PowerPlay gives estimation of about 26214.26 mW and average toggle rate 249.704 millions transitions / sec (for 250 Mhz clock setup).
So what this means for BFL single device:
1) Without any overdriving practices device with C4 could deliver 220*4 = 880 Mh/s and with C3 250*4 = 1000 Mh/s
2) Power consumption would be (let's assume that PowerPlay lied and it is 30 W @ 250 Mhz @ 1.1 V) ~ 50W for C4 chip and 65 W for C3 chip;
3) in case of overdriving chip to 1.2 V C4 chip would deliver about 960 Mh/s and C3 chip about 1090 Mh/s, power consumption would be about 60 W and 76W correspondingly;
But because they already have about 80W power consumption, that leads me to conclusion, that C3 chip is used, but top-level logics and round maths is inferior and suboptimal. As basically you could get _lower_ performance just by doing operations in wrong order.
I've already tried to contact BFL in PM - regarding my development and ASIC future deployments, but no answer. Maybe this topic would add some heat.
But I have few questions here:
1. What chip speed grade exactly there ?
2. What voltage is used there (this can be probably measured by many owners of BFL singles) ? Is it standard 1.1 V or something like 1.2 V ?
It would be nice, if BFL would do full disclosure here about their previous product art, as their ASIC initiative seems to make them obsolete already.
Also 2 BFL - if you use same top-level for your ASIC development, don't you think you may end up with product "obsolete-on-arrival" ? Because this is not "custom IC cell design", this is just math, and not complex part of it - as this "test sha_s4_test.vhd" is actually pretty small file mostly using RTL-style code and not using low-level primitives etc. I've run fitter and synthesis without optimization settings. But - if you can't deliver best in top-level optimization, why would I believe, that you would in low-level, where things are more complex and you'd likely have to do full-wave simulations of your custom cells, and still have several re-spins ? Or in layout - because layout could be done in a way by automatic tools, that will destroy all harvested performance. (2 DiabloD3 and those who think that custom IC is always that difficult - NO - I've studied more - if you don't try to harvest performance, and would do reliable cell and don't care about performance much, it is _likely_ that your cell would work, you may even implement cell that would work on different fabs... "portable" one but it would be quite inefficient... actually custom IC may be even cheaper - because basically it is just the same as PCB but on silicon, so if you do design in a way where you accept wide tolerance of your transistors - you get good manufacturability, good portability but poor performance... surprising, but tools for custom IC design without extensive modelling are actually cheaper - say for example www.tannereda.com
- pretty nice tool to go from schematic to layout of chip - you even can get evaluation there for free and try to layout several transistors yourself, testing their performance in SPICE... that would be however likely far from specs you get from silicon... ).

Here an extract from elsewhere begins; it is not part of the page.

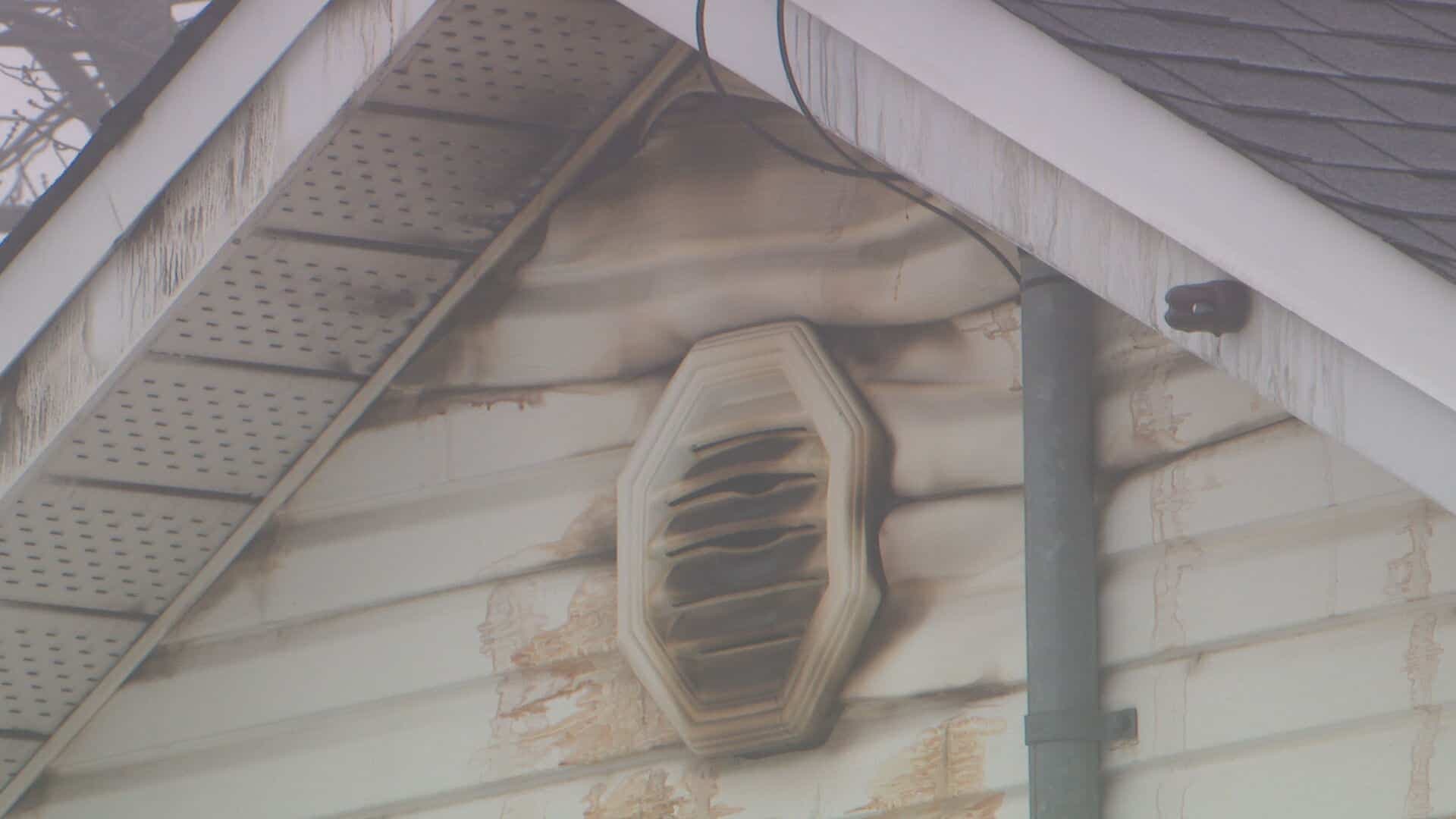 Matthew Plante / TVA Nouvelles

I would be sorry, if you have worked on ASIC for quite long period and already have layout, because it seems that you'll have to re-do it if my estimations about your top-level is right.
PS. 2 BFL fans - please do not turn BFL into religion :-) There's mining speculation subforum for exactly that purpose.

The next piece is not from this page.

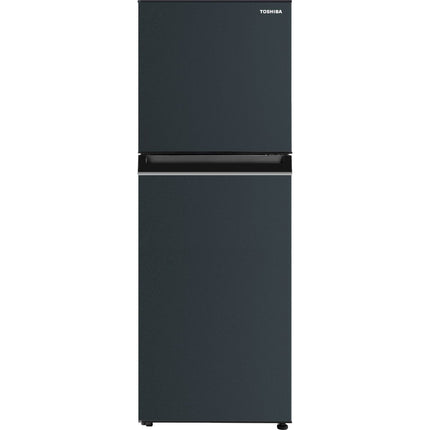 Toshiba 233L Top Mounted Freezer Refrigerator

PPS. As you see _only_ 75% of chip is used... In extra space there could be fitted approx 2 times bigger serial hashers as addition, as design using automated placement would fit into 90% of a chip. Leaving about 10%. In these 10% it is possible to place about 8 serial hashers running at same or faster (LIKELY FASTER) clock. Each hasher outputting additional 3.5 Mh/s - so +25-28 Mh/s per chip and +50-56 Mh/s per BFL single. Setting best theoretical output as 1140 Mh/s per BFL single.